# Claustrophobic



## treebeardlennon (Apr 10, 2016)

Does anyone else feel like there are more people hunting this year than in years past? I saw someone else in the Wisconsin forum talk about their twenty year spot was totally picked over. I went to a spot that I've been hitting for a few years and the woods was just teeming with people. I found three and I bounced out of there. Too many people had me feeling claustrophobic and it is still a little early for that spot anyways I think. Haven't had the best luck yet. I'm up to 23 now for the season. How're y'all doin'?


----------



## morelmaniacmn (Apr 21, 2016)

It does seem there are more people becoming interested in Morel hunting..SSSHHHHHH!!! LOL
I would be totally crushed if I got to my spot and found it picked over. That is heartbreaking.


----------



## morelmaniacmn (Apr 21, 2016)

Oh, and I'm up to about 30 blacks in 2 outings. This weekend hopefully will get some more!


----------



## buckthornman (May 16, 2013)

Yep more and morel hunters every year! Things in public spots always get hit hard. Time to get to know ur family better and your neighbors! It is the no.2 rule and is a great way to bond and communicate with them!


----------



## treebeardlennon (Apr 10, 2016)

Buckthorn!
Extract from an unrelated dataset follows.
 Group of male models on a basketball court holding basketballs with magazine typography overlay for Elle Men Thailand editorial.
Easier said than done! My family is at war right now. Some stupid dispute over my grandfather's estate. I ain't got nothing to do with it it, but ain't no one gonna let me use their land until this whole thing blows over so I'm stuck with public land until then. 
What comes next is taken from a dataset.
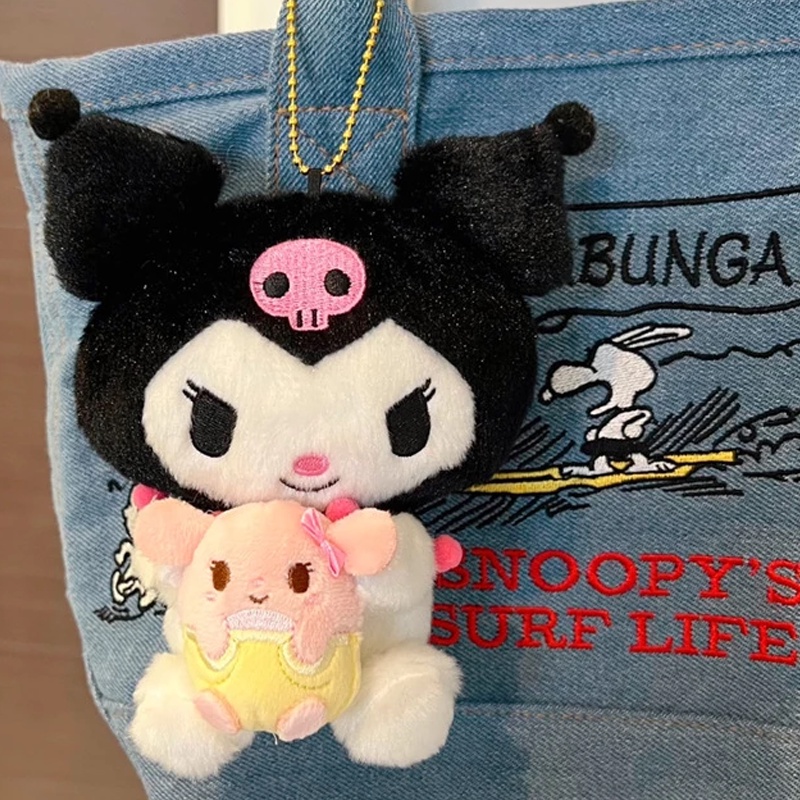 12cm Kawaii Sanrio Kuromi Plush Toy Anime Cartoon Stuffed Doll Figure Keychain Pendant Keyring Children Birthday Gifts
Side note, I've been stuck inside because of finals and all of my friends have been sending me pics of their morel finds and making me super jealous! I'm jealous of all of you!


----------



## buckthornman (May 16, 2013)

Sorry to hear that Len! Don't think you will get a trespassing ticket or shot on your family's land then again? Trooper waiting for my helicopter to show up maybe after the kid wins Wimbledon 
Get in them thorns!!!! They like flesh hmmmm! Bucky out


----------



## treebeardlennon (Apr 10, 2016)

Ahahaha, Buck you don't know my family! Getting shot is probably the best possible outcome when it comes to them!


----------